▶ [THE TASK]: Using the data below, set down every line from the one containing "Rose-mit-Mandala-von-Skull-Tattoo" through the one containing "Los sorianos se", inclusive and unchanged. Pictures are to be skipped.

▶ [AVAILABLE RECORDS]:
+--

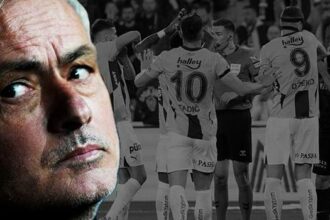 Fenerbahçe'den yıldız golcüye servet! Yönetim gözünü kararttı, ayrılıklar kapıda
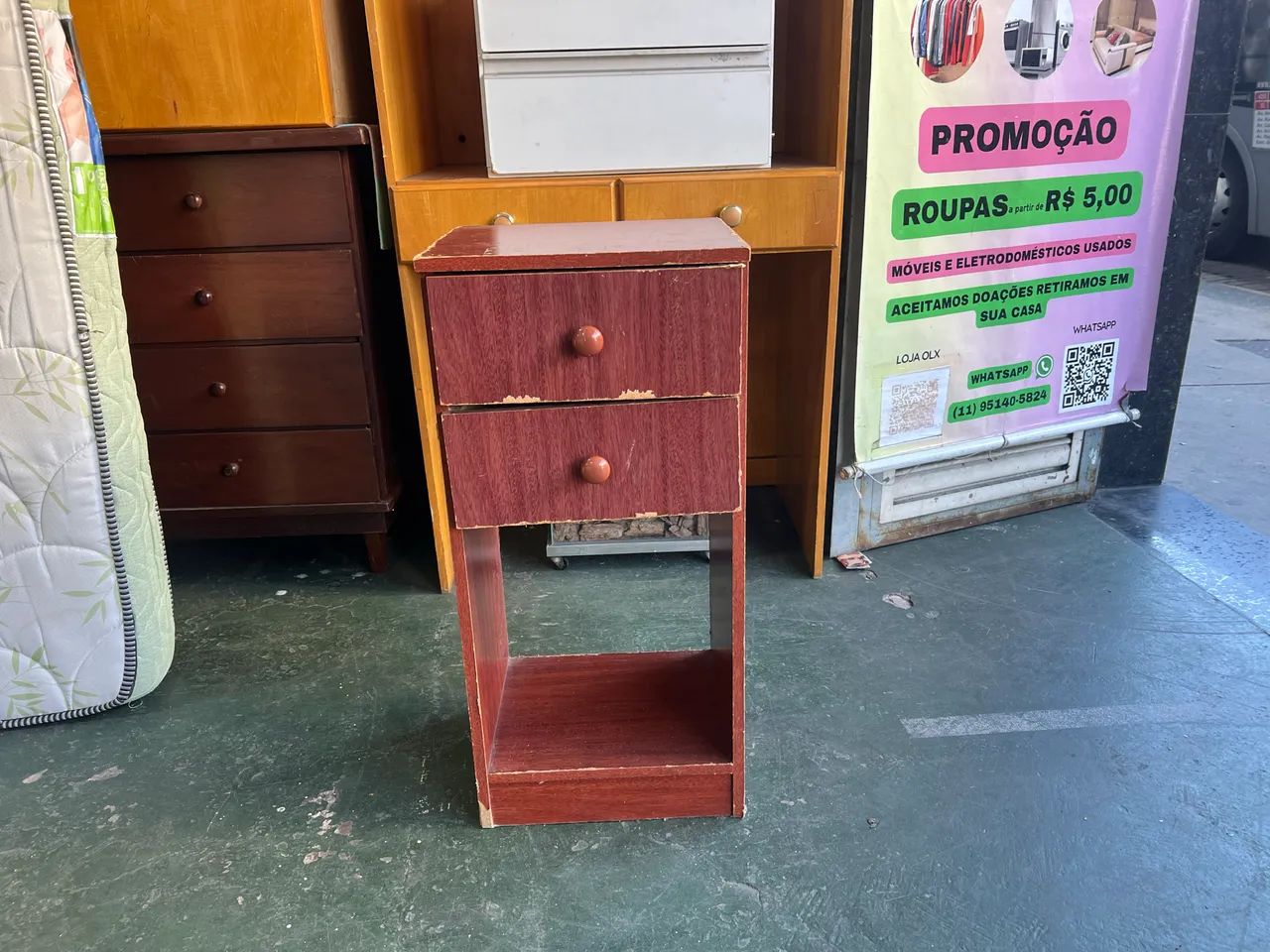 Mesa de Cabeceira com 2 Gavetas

+--

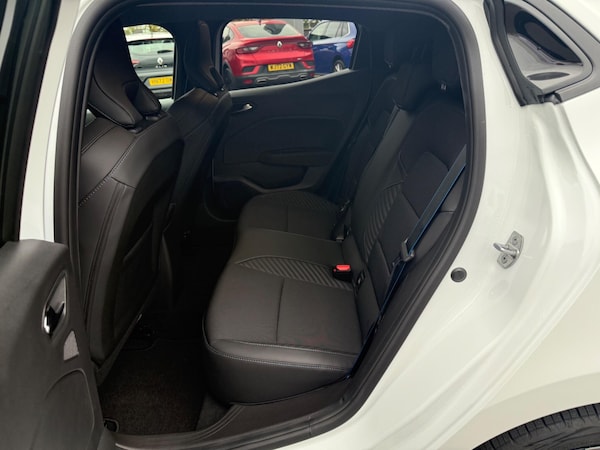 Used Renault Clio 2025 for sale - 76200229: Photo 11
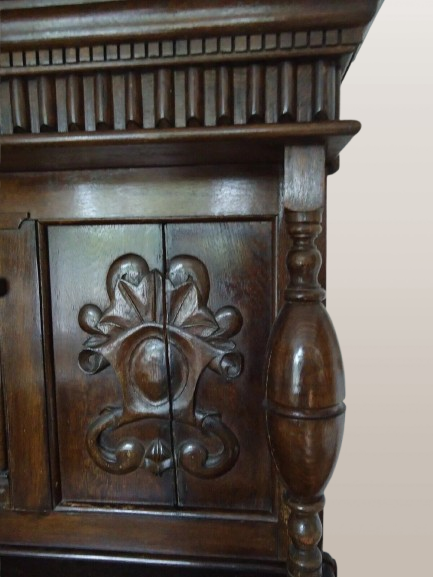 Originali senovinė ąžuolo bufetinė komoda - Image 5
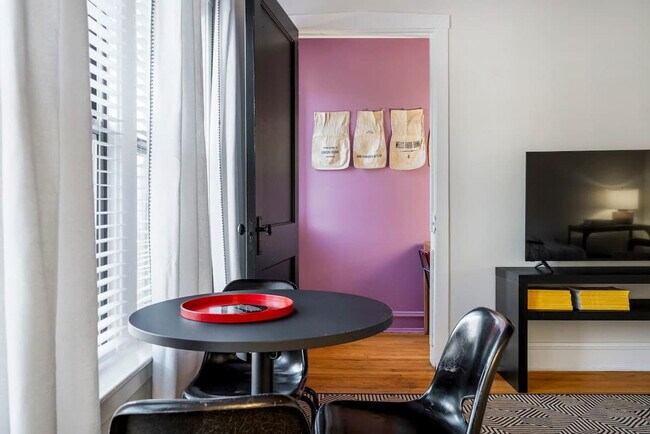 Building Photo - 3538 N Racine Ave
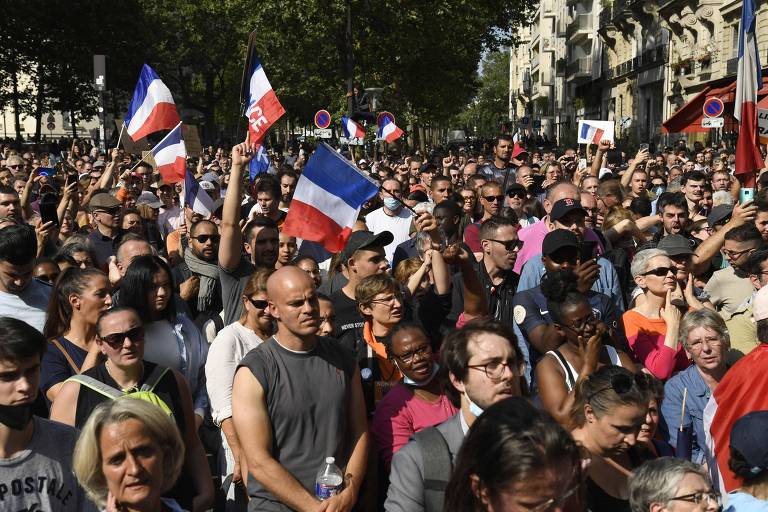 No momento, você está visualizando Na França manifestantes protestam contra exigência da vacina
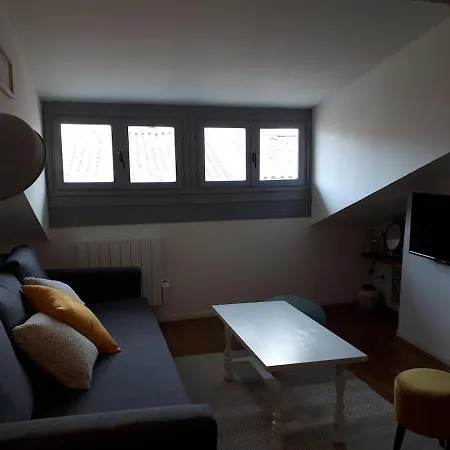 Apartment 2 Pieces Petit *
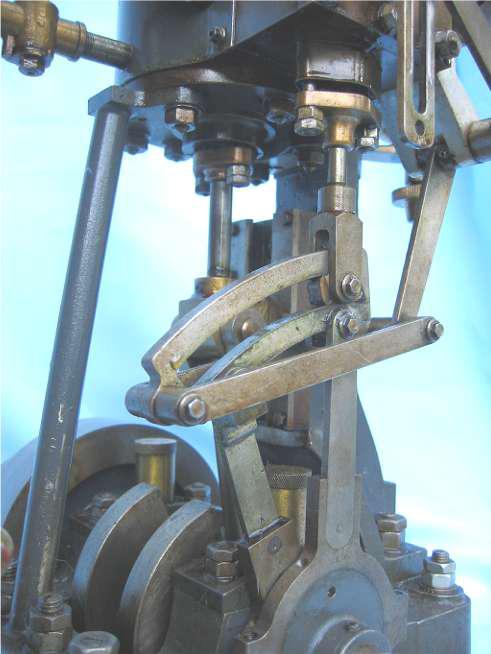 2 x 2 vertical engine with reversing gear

+--

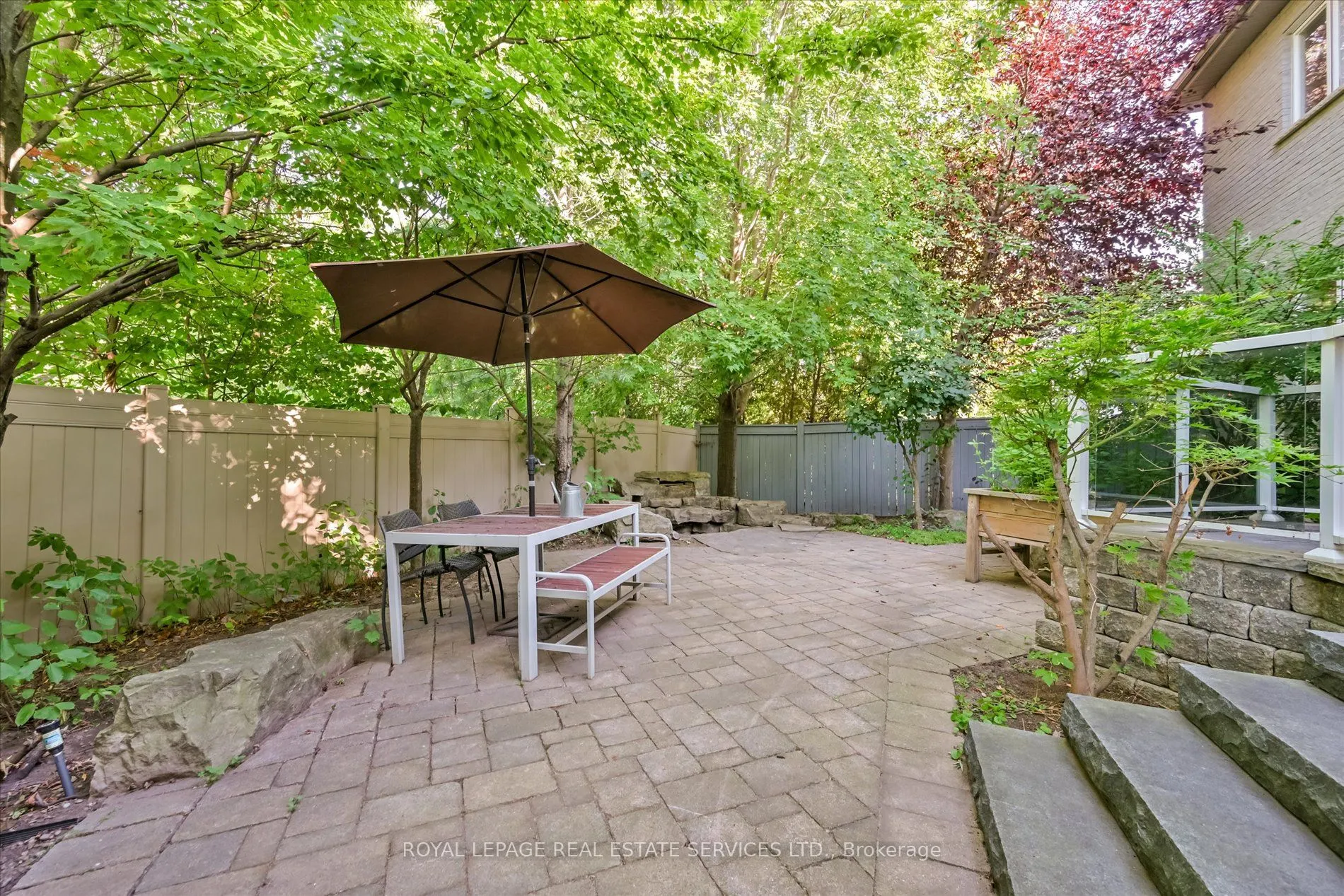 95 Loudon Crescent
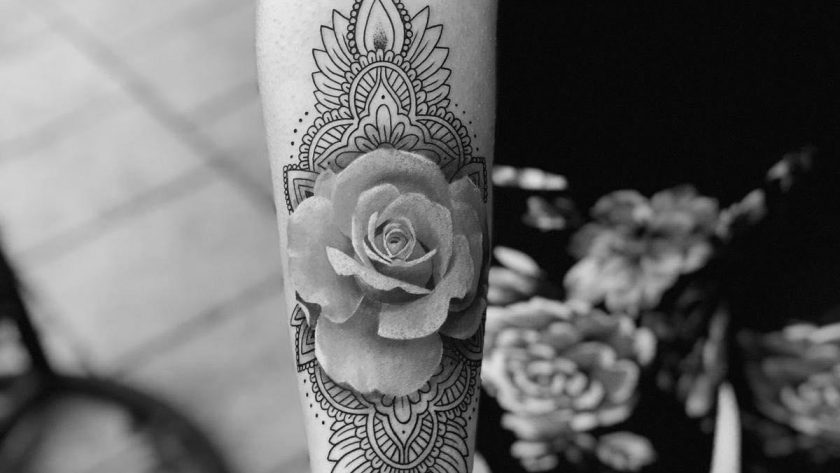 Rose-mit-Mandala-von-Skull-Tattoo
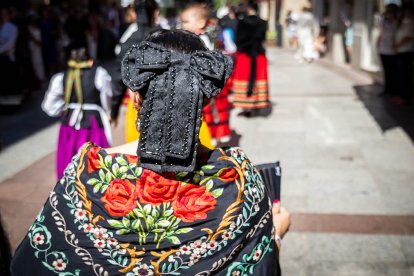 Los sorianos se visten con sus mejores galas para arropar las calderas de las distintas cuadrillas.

+--

▶ [EXERCISE RESULT]:
 Rose-mit-Mandala-von-Skull-Tattoo
 Los sorianos se visten con sus mejores galas para arropar las calderas de las distintas cuadrillas.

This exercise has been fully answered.